「……、……名前」
誰かの声が聞こえる。優しくて、穏やかな声音。このままずっと聞いていたくなるような、不思議な声だ。
「名前」
「!」
声に引き上げられるように突然意識が浮上する。そういえば、お盆休みの間は実家に帰省していたのだっけ。家族の誰かが呼びにでも来たのだろうと目を開ければ、そこにいたのは家族ではなく、一人の男性だった。
あれ? ちょっと待って。この人、まさか、
「お、お館、様……?」
かろうじて喉から出せたのはこの言葉だけだった。私はこの人を知っている。知ってはいるけれど、それは漫画の中の登場人物としてであり、到底目の前に現れるような人物ではない。でも、目の前にいる彼は確かに生きている。
「報告の途中で眠ってしまったんだよ。覚えているかな?」
「……」
全く覚えがなく、小さく頭を左右に振った。申し訳ありませんと呟くと、彼は柔らかく微笑んで言葉を続けた。
「昔を思い出すね。君は初めて会ったときもこうして眠っていた」
「え、あの、」
「報告ありがとう。義勇と約束をしているのだろう? 彼ならもう来ているよ」
お館様の視線を辿ると、屋敷の向こうに義勇さんが立っているのが見えた。そういえば今日は蕎麦を食べにいく約束をしていたような記憶がある。けれど、それと同時にやはり彼も漫画の登場人物であるという認識もあって、何が何だかわからなくなってきた。

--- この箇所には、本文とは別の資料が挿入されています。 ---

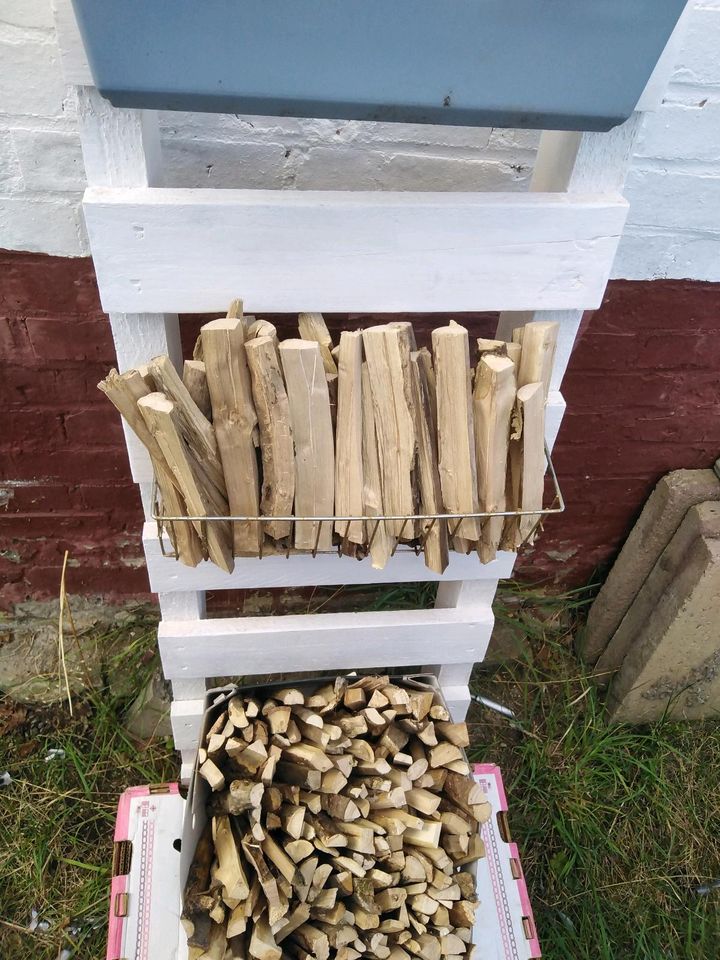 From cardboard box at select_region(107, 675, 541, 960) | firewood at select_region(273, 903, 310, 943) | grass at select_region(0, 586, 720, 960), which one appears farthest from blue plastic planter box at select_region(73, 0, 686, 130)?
grass at select_region(0, 586, 720, 960)

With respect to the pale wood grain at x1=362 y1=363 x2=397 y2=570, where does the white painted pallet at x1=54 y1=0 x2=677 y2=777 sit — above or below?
above

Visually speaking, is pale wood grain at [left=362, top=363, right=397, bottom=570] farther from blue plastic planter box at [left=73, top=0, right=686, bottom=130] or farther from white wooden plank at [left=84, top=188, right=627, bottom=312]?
blue plastic planter box at [left=73, top=0, right=686, bottom=130]

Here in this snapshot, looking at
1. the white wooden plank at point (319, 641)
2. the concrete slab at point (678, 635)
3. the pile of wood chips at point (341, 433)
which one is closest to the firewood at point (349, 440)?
the pile of wood chips at point (341, 433)

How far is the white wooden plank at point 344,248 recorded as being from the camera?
3.51ft

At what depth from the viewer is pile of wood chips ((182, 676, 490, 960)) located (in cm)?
139

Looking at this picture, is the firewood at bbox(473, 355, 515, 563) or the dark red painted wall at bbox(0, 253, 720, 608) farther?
the dark red painted wall at bbox(0, 253, 720, 608)

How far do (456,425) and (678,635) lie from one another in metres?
1.37

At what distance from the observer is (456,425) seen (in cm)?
115

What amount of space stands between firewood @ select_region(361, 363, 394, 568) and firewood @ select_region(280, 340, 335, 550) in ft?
0.20

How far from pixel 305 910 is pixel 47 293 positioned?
55.1 inches

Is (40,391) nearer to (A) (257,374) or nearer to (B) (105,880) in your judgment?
(A) (257,374)

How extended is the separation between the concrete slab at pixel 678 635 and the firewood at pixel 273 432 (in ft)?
4.43

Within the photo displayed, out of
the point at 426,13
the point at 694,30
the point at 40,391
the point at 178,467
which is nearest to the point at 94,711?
the point at 40,391

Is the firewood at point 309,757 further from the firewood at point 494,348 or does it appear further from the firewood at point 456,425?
the firewood at point 494,348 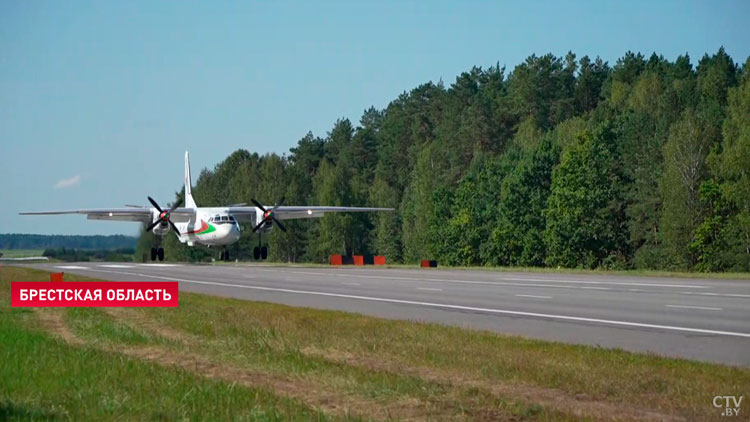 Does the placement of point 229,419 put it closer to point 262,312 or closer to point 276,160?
point 262,312

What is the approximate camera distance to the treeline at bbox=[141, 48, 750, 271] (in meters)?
66.8

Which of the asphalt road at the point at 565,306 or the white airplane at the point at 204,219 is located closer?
the asphalt road at the point at 565,306

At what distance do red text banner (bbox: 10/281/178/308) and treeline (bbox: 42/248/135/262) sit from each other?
106 centimetres

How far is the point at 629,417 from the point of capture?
9.24 metres

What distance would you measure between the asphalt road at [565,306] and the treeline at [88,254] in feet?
8.44

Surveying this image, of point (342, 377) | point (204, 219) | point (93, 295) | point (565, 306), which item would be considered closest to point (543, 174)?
point (204, 219)

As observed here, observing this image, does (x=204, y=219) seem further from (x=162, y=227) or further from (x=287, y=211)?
(x=287, y=211)

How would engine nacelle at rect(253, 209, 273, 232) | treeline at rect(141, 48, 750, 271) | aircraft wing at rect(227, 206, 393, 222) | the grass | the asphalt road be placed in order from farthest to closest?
treeline at rect(141, 48, 750, 271)
aircraft wing at rect(227, 206, 393, 222)
engine nacelle at rect(253, 209, 273, 232)
the asphalt road
the grass

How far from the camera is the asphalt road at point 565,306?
15.9 meters

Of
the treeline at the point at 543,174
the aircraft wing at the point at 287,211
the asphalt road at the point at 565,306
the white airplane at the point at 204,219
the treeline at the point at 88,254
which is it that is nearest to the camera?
the asphalt road at the point at 565,306

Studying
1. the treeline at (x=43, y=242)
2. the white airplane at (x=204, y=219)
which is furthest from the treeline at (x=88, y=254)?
the white airplane at (x=204, y=219)

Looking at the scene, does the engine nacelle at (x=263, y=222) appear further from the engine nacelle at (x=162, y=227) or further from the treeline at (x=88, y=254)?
the treeline at (x=88, y=254)

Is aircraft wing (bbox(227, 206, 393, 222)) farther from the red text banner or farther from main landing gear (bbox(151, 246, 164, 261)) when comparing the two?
the red text banner

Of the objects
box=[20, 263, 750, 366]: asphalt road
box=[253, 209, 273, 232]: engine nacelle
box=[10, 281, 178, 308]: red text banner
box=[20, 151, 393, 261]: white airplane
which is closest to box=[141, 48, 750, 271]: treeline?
box=[10, 281, 178, 308]: red text banner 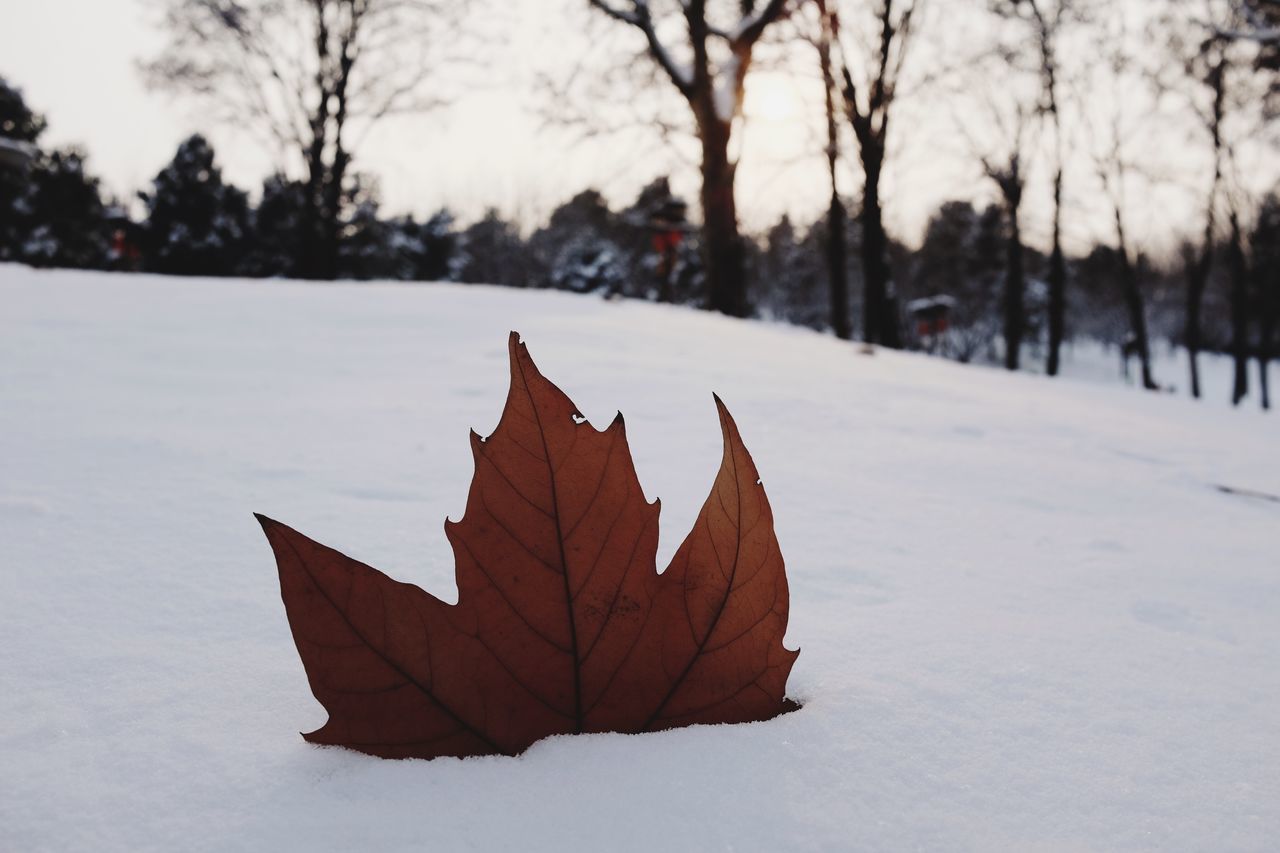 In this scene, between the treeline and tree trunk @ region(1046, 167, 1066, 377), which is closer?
tree trunk @ region(1046, 167, 1066, 377)

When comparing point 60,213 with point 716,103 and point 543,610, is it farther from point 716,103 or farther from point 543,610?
Answer: point 543,610

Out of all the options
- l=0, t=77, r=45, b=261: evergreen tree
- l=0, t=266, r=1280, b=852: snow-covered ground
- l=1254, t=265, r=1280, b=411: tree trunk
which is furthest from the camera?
l=0, t=77, r=45, b=261: evergreen tree

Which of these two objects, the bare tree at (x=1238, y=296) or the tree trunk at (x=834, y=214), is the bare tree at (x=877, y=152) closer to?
the tree trunk at (x=834, y=214)

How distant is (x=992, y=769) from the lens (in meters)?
0.75

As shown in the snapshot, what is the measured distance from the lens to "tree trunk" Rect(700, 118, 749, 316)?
1027 cm

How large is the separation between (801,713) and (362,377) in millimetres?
2617

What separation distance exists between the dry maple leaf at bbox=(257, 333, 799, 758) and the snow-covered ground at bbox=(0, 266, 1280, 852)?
4 cm

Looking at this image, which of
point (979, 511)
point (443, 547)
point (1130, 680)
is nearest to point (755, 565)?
point (1130, 680)

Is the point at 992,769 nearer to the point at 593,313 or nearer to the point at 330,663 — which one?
the point at 330,663

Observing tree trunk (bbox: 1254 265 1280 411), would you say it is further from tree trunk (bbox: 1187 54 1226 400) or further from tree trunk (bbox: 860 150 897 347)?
tree trunk (bbox: 860 150 897 347)

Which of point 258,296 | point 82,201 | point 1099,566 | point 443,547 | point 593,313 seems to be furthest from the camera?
point 82,201

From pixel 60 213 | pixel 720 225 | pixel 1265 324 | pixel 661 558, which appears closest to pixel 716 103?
pixel 720 225

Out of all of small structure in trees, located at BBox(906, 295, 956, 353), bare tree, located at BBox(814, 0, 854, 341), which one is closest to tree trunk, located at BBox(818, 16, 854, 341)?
bare tree, located at BBox(814, 0, 854, 341)

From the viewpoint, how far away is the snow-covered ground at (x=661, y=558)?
2.09ft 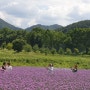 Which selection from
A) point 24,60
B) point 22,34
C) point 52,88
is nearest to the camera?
point 52,88

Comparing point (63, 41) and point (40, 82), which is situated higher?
point (63, 41)

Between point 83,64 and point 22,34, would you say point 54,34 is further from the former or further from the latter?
point 83,64

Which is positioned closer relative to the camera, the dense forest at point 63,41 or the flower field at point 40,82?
the flower field at point 40,82

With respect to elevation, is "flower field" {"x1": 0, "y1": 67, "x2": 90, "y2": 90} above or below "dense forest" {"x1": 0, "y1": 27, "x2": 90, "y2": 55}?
below

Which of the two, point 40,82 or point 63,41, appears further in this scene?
point 63,41

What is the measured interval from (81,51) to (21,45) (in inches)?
1199

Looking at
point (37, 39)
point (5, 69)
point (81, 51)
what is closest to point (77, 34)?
point (81, 51)

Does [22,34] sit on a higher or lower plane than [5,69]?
higher

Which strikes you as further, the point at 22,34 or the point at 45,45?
the point at 22,34

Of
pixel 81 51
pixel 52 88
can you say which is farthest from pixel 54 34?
pixel 52 88

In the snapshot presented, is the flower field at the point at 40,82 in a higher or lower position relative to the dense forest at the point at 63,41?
lower

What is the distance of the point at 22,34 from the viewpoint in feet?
618

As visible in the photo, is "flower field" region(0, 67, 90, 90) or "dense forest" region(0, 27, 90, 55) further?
"dense forest" region(0, 27, 90, 55)

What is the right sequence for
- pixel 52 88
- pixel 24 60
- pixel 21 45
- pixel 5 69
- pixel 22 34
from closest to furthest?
pixel 52 88
pixel 5 69
pixel 24 60
pixel 21 45
pixel 22 34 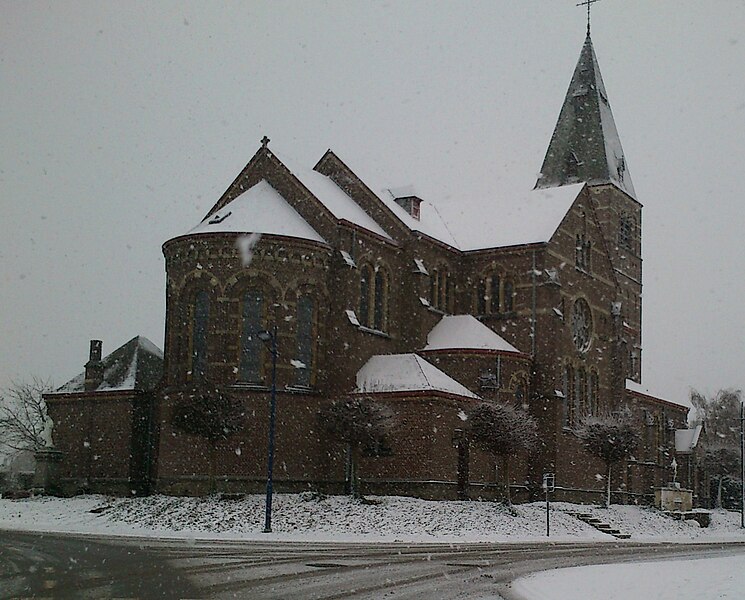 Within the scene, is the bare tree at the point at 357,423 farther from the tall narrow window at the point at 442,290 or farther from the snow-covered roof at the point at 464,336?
the tall narrow window at the point at 442,290

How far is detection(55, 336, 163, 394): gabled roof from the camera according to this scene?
47.4m

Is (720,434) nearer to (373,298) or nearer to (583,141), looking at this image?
(583,141)

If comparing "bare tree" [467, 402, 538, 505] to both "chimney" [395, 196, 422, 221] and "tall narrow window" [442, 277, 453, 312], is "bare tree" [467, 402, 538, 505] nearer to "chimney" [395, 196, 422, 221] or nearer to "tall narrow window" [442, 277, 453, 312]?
"tall narrow window" [442, 277, 453, 312]

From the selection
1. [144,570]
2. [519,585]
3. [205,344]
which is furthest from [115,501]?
[519,585]

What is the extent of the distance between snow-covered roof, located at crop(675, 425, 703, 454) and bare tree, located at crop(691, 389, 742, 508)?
214cm

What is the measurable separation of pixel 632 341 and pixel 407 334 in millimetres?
29955

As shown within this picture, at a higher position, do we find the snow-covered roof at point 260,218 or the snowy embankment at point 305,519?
the snow-covered roof at point 260,218

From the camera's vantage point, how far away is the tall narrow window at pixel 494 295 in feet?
167

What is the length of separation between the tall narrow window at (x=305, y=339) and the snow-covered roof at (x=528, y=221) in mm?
11998

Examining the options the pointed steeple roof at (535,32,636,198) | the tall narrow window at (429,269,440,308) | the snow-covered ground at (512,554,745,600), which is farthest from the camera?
the pointed steeple roof at (535,32,636,198)

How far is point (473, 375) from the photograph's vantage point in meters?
46.0

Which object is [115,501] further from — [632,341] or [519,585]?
[632,341]

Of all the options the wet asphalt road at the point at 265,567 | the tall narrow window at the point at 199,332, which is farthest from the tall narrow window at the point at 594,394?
the wet asphalt road at the point at 265,567

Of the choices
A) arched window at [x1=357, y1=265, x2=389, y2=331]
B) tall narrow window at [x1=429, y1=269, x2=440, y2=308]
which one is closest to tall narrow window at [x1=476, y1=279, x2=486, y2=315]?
tall narrow window at [x1=429, y1=269, x2=440, y2=308] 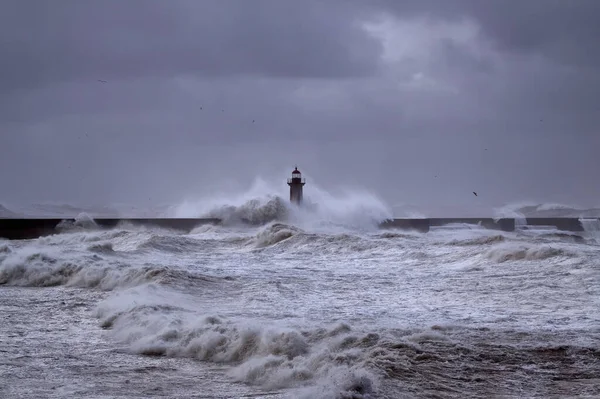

この場で固まっているわけにもいかず、ひとまずお館様に一礼して義勇さんの元へ向かった。状況を飲みこめないまま彼についていくと、本当に蕎麦屋に到着した。いや、約束していたのだから当然の目的地ではあるのだけれど。現状と頭の中にある現実がごちゃ混ぜになっていて頭がおかしくなりそうだ。実家で昼寝をしていただけの私が、なぜ当たり前のようにこの世界に存在してしまっているのだろう。
「……」
美味しいと評判らしい蕎麦の味は全くわからなかった。